The same dynamic might be at work with a CEO resignation at Otter Media, the streaming media joint venture between AT&T and the Chernin Group.


In principle, both firms might hope for serious market success that might be defined as creating a credible competitor to Netflix.


On the other hand, too much success might jeopardize the cash flow AT&T hopes to wring from its acquisition of DirecTV, a business that everyone agrees is imperiled by the rise of streaming alternatives.


Ultimately, one might argue, efforts to foster growth of a substitute new product, by a leader in that market, are difficult--and often impossible--to finesse.
The problem includes, but is not limited to the inherent tension between the legacy and replacement revenue units. Too much success by the innovation unit, too fast, directly reduces legacy business unit revenue.


So interests are in direct conflict. That rarely is a recipe for rapid progress. Indeed, one might argue precisely the opposite will happen: the innovator unit will be constrained to protect the legacy unit.

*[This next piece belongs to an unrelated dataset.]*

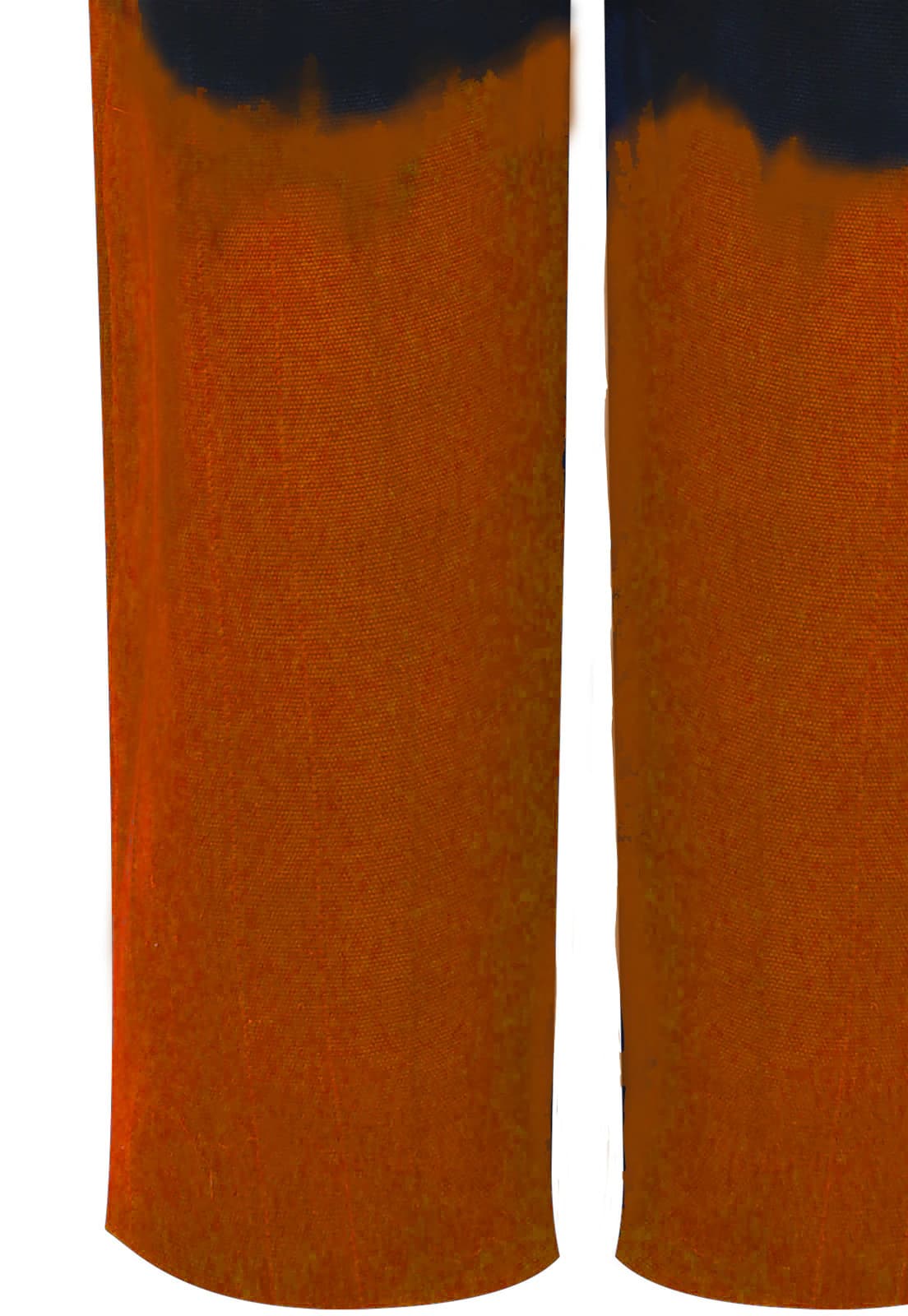 DEGRADE LOOM TROUSERS - imagen 9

The problem is more than “bureaucracy.”


Any large enterprise, in any industry, will operate more “bureaucratically,” which is to say, with many more rules and structured processes.


Many would say such firms must do so, to maintain the organizational equivalent of rule of law.

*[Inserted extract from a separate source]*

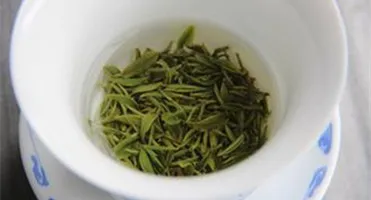 Spring New Green Tea Xinyang maojian Chinese Green Tea - 4uTea | 4uTea.com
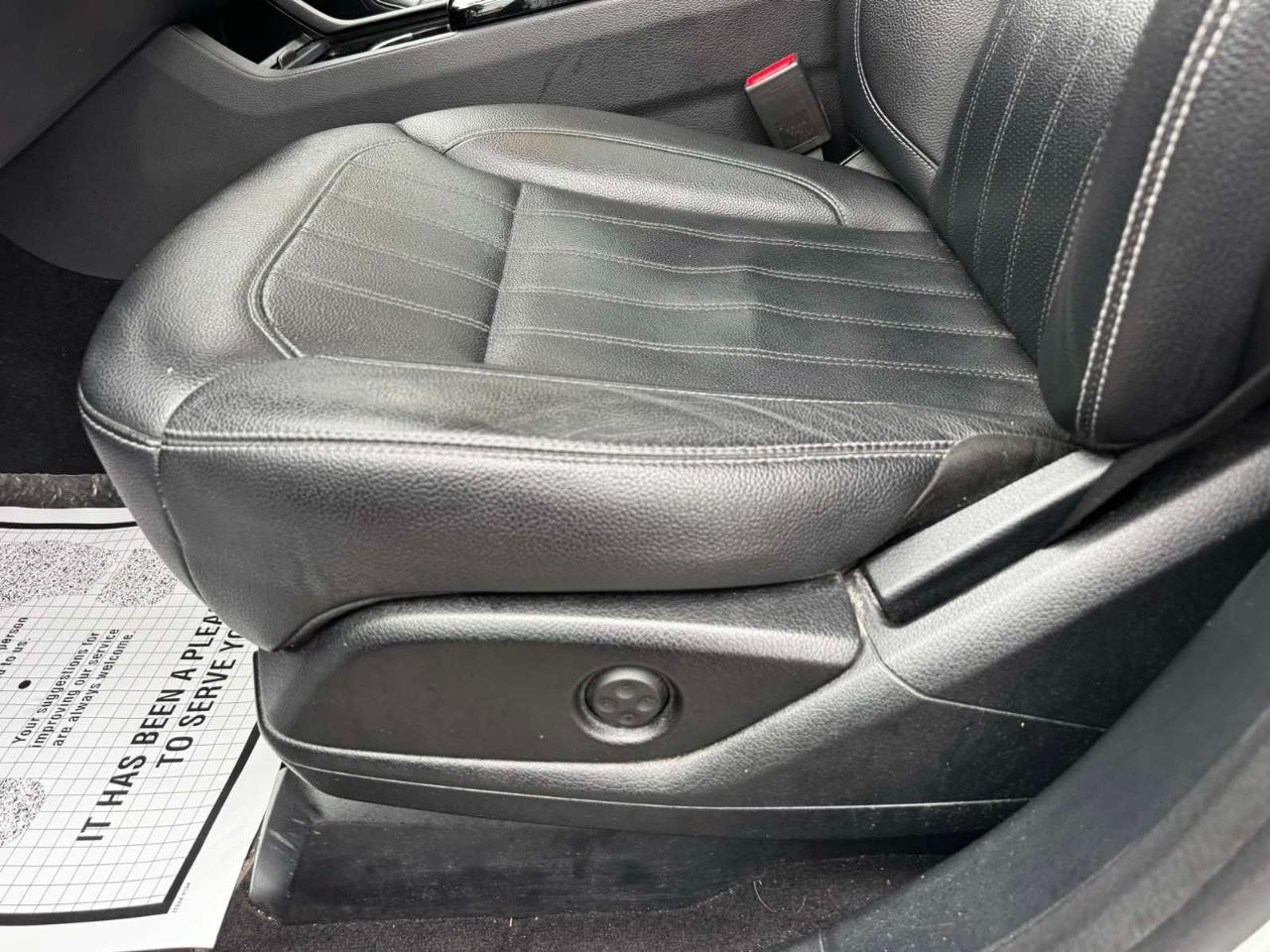 Mercedes-Benz GLS GLS 450 4MATIC SUV 2017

As frustrating as working in a rules-driven organization might be, the alternative likely is worse: the danger of whimsical, conflicting, unsteady decision making.


Stresses arguably are even greater when a joint venture tries to navigate a complex and dangerous juncture between fundamental business models and technology platforms, and when one of the parties aims to be a disruptor, while the other is a leader in the legacy business.


That, in a nutshell, might well be the problem faced by Otter Media. Verizon Wireless might be taking the opposite approach, essentially harvesting its legacy business faster by building and promoting replacement services at a faster rate.


You might explain that attitude by structural realities. AT&T will be the biggest provider of linear video in the U.S. market if its acquisition of DirecTV is approved. Verizon is among the smaller providers. In other words, AT&T has far more revenue to lose.


As much as managers might want to be leaders in an emerging big new business, they also want to harvest and protect their existing business.


That forces innovation efforts to avoid actions that are viewed as negatively and directly reducing the magnitude of revenue streams from the legacy business.

It is a serious and perpetual problem, and more relevant for Comcast and AT&T, which are leaders in linear video, compared to Verizon, which has concluded it is not worth the effort to grab a bigger position in linear video.